== REQUIRED ACTION ==
The entries below must be retyped exactly. Pictures are to be omitted.

== DATASET RECORDS ==
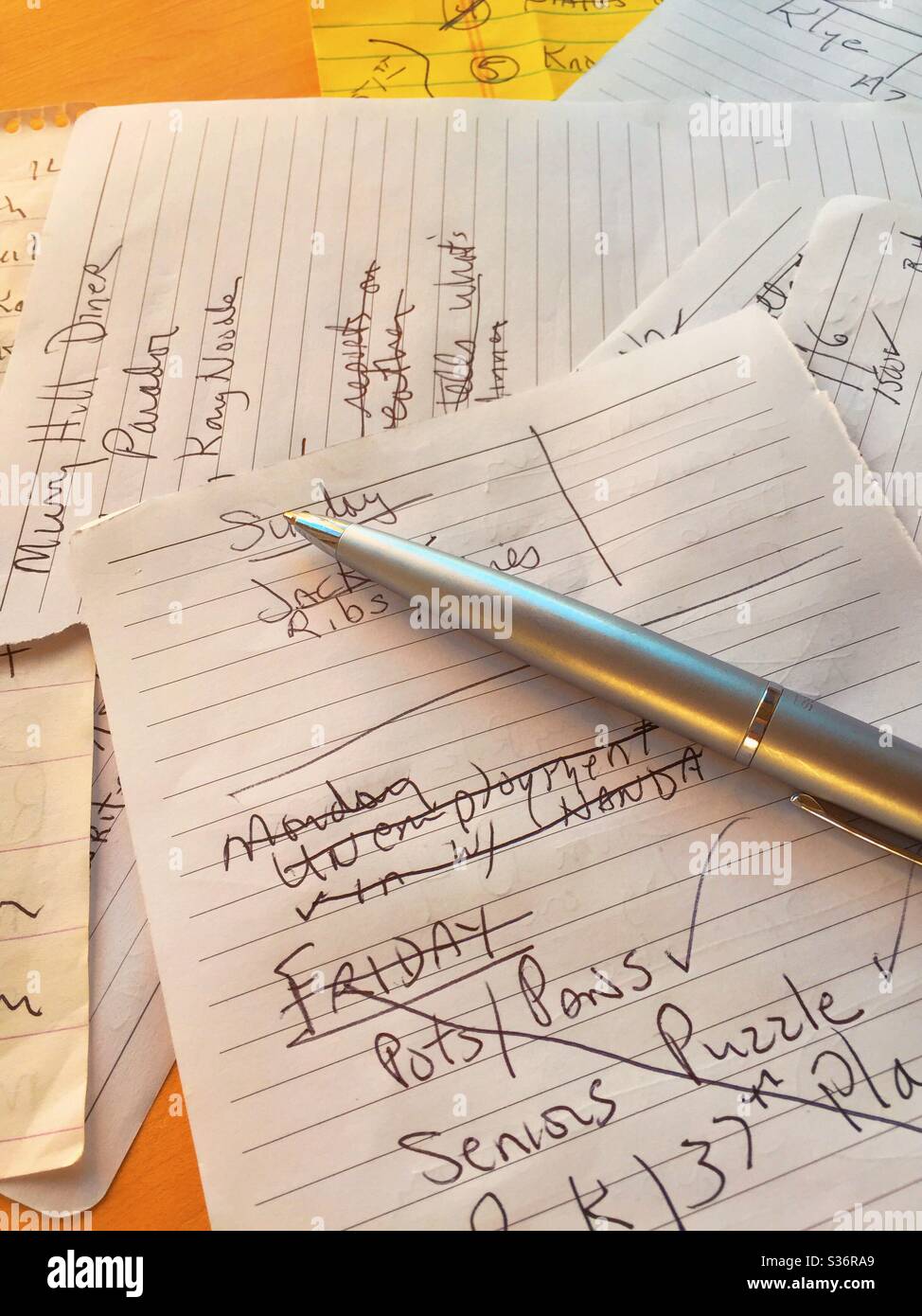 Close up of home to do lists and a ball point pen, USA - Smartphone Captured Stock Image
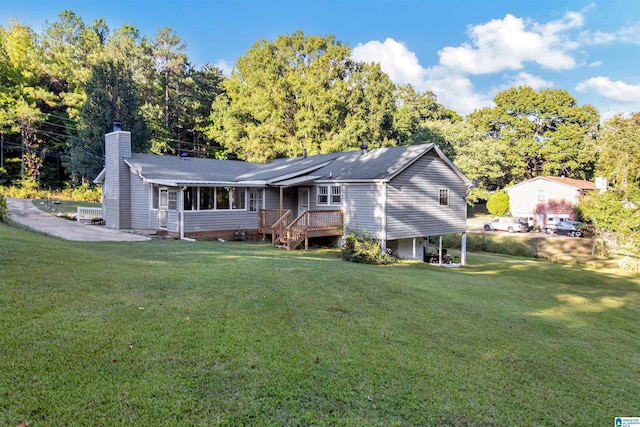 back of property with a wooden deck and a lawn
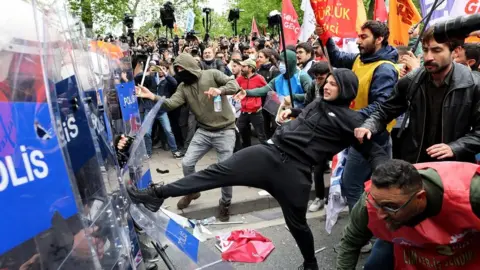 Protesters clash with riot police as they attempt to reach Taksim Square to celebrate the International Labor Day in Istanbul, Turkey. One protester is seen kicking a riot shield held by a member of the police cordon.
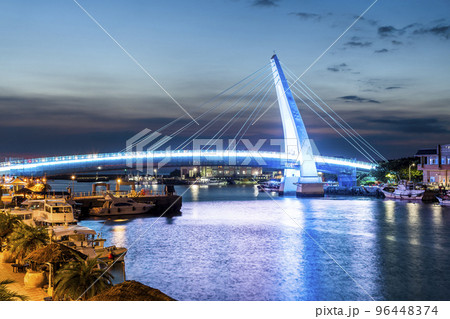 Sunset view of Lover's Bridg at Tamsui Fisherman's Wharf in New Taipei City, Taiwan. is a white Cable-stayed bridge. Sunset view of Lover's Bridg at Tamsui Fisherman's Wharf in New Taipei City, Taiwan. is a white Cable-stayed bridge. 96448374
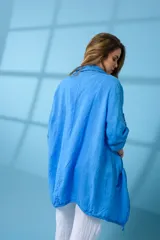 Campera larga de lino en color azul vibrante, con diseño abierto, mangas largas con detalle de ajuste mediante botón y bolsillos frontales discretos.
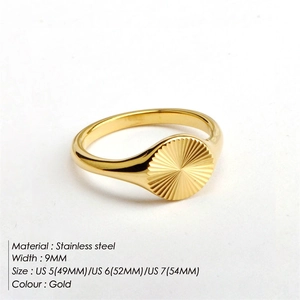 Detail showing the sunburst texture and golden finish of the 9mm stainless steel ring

== RESPONSE AREA ==
 Close up of home to do lists and a ball point pen, USA - Smartphone Captured Stock Image
 back of property with a wooden deck and a lawn
 Protesters clash with riot police as they attempt to reach Taksim Square to celebrate the International Labor Day in Istanbul, Turkey. One protester is seen kicking a riot shield held by a member of the police cordon.
 Sunset view of Lover's Bridg at Tamsui Fisherman's Wharf in New Taipei City, Taiwan. is a white Cable-stayed bridge. Sunset view of Lover's Bridg at Tamsui Fisherman's Wharf in New Taipei City, Taiwan. is a white Cable-stayed bridge. 96448374
 Campera larga de lino en color azul vibrante, con diseño abierto, mangas largas con detalle de ajuste mediante botón y bolsillos frontales discretos.
 Detail showing the sunburst texture and golden finish of the 9mm stainless steel ring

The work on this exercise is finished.